Sen. Majority Leader Bill Frist, frustrated by the sluggish debate over immigration reform at the committee level, plans to introduce a bill that deals solely with border security as early as today.

Mr. Frist’s bill, according to aides on both sides of the aisle, does not include a guest worker provision or a process for handling the 12 million illegal aliens already in the U.S., divisive topics that have stalled immigration legislation in the Senate Judiciary Committee.

The bill would beef up security along the U.S.-Mexico border, provide funding for thousands more Border Patrol agents and build small sections of fencing in key traffic areas.

The Tennessee Republican, who is widely believed to be seeking the Republican nomination for president, had promised conservatives that he would bring up an enforcement-only bill and begin debate on the topic on the Senate floor by March 27.

Republican aides say the move by Mr. Frist is not meant to trump similar legislation offered by Senate Judiciary Committee Chairman Arlen Specter, Pennsylvania Republican, but rather as an “insurance policy” to ensure the topic is addressed.

Mr. Frist’s bill, according to aides, would simply take Mr. Specter’s proposal and strip out the guest worker plan and provisions dealing with illegal aliens already in the U.S.

Mr. Specter’s legislation has stalled in committee over his proposal to make illegal entry into the U.S. a felony as well as other issues. His bill would allow employed illegal aliens to remain in the United States indefinitely, although it would require them to return home before applying for permanent citizenship.

Mr. Frist will use the rarely employed “Rule 14,” which permits him to introduce a bill and bypass the committee process so that it goes directly to the Senate calendar.
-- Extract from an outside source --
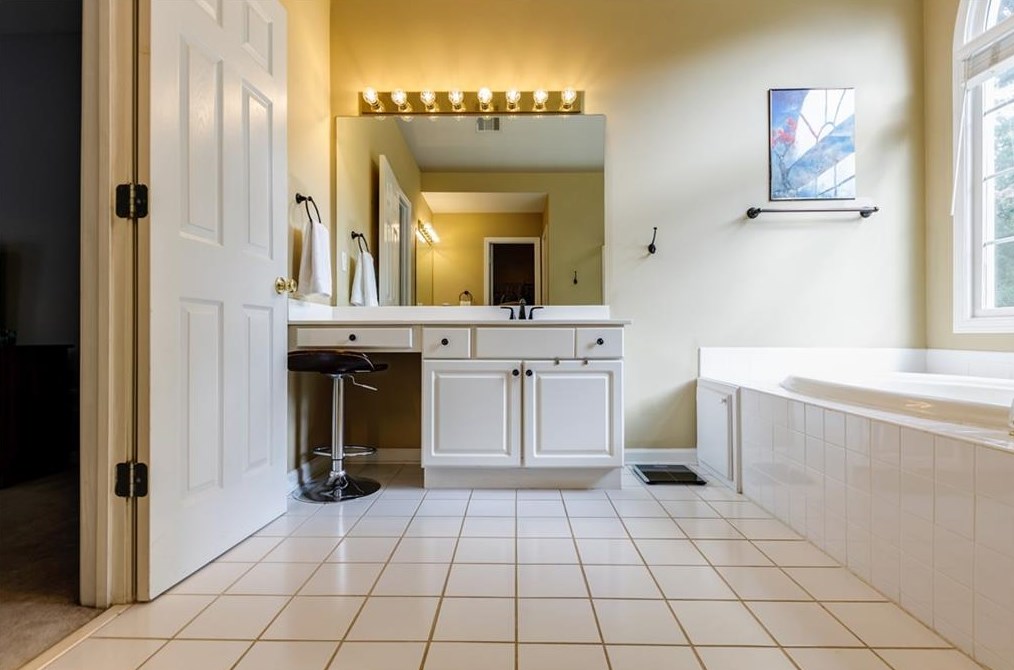 2804 Wilson Gln, Decatur GA  30033-1457 exterior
After winding through several days of parliamentary procedures, Mr. Frist may call that bill to the floor for debate.

During this morning’s Judiciary Committee meeting, Mr. Specter hinted that Mr. Frist would move ahead on his own if the committee didn’t arrive at some consensus. The prospect worried both Democrats and Republicans.

“I think it would be March madness to rush this,” said Sen. Sam Brownback, Kansas Republican.